== Source material ==

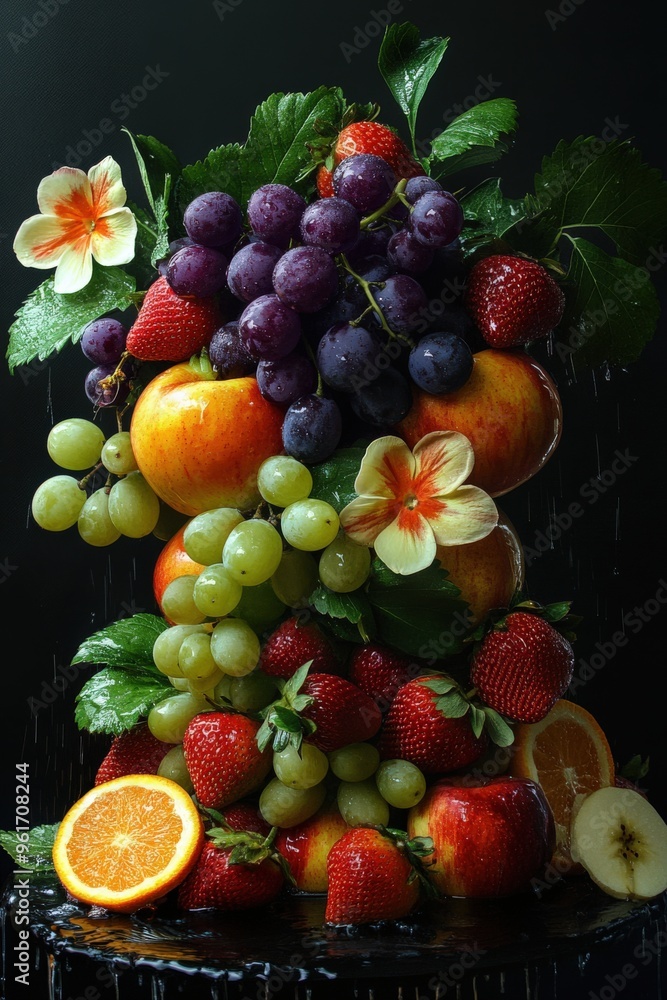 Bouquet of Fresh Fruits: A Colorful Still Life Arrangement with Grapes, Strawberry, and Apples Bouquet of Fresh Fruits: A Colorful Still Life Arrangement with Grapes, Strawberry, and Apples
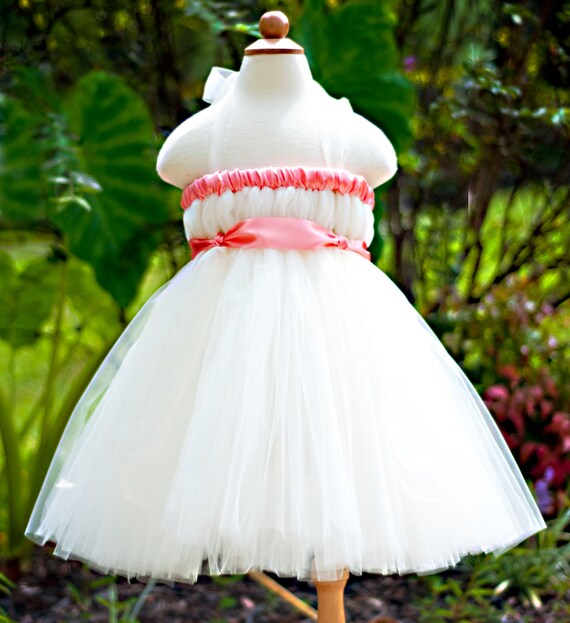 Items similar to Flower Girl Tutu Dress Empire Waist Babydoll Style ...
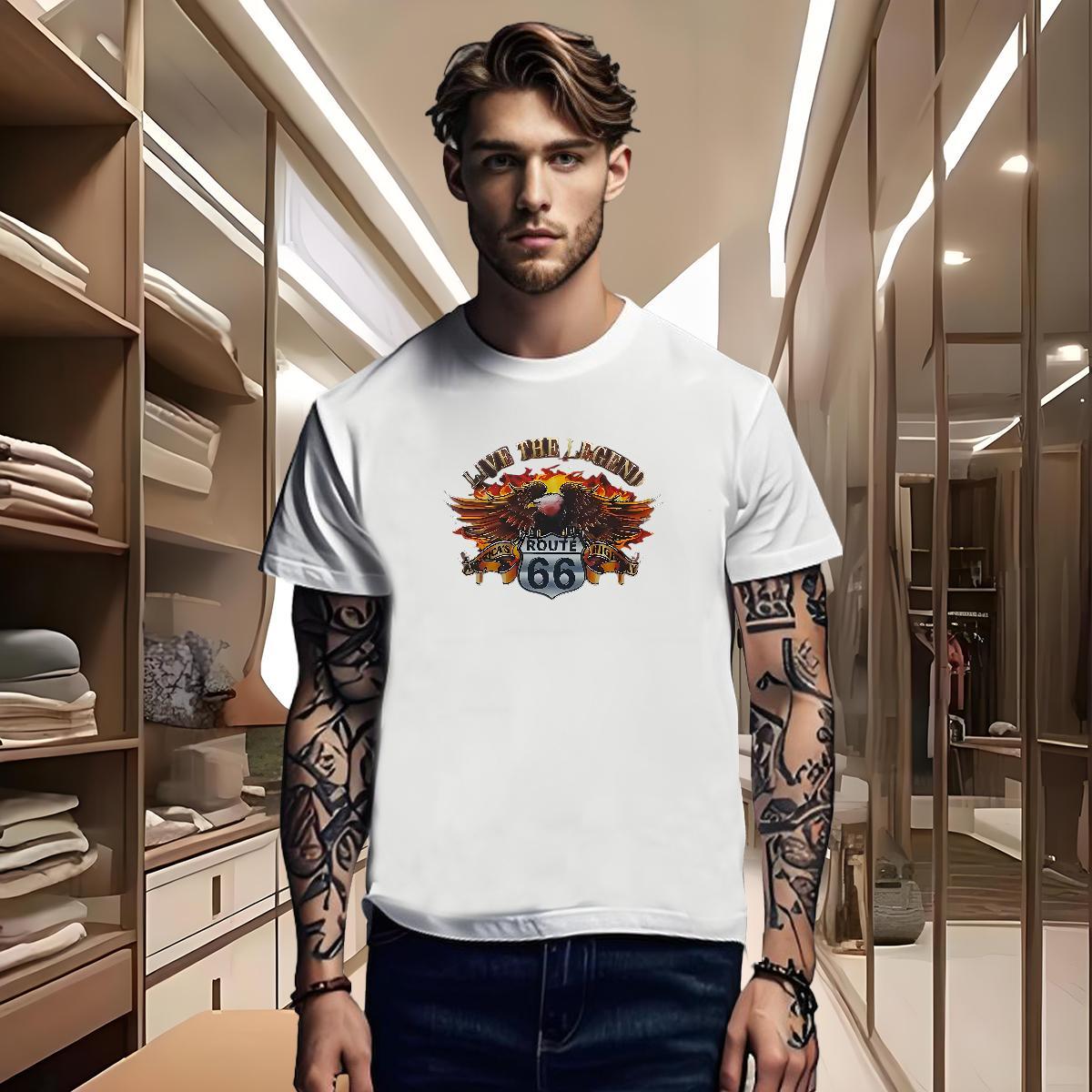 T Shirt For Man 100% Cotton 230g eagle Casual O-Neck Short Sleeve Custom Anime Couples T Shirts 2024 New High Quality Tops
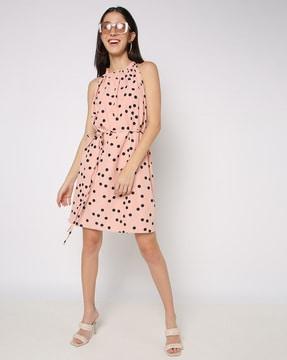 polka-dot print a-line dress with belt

===

Task goal
Restate the data above word for word, omitting every picture.

Final answer
 Bouquet of Fresh Fruits: A Colorful Still Life Arrangement with Grapes, Strawberry, and Apples Bouquet of Fresh Fruits: A Colorful Still Life Arrangement with Grapes, Strawberry, and Apples
 Items similar to Flower Girl Tutu Dress Empire Waist Babydoll Style ...
 T Shirt For Man 100% Cotton 230g eagle Casual O-Neck Short Sleeve Custom Anime Couples T Shirts 2024 New High Quality Tops
 polka-dot print a-line dress with belt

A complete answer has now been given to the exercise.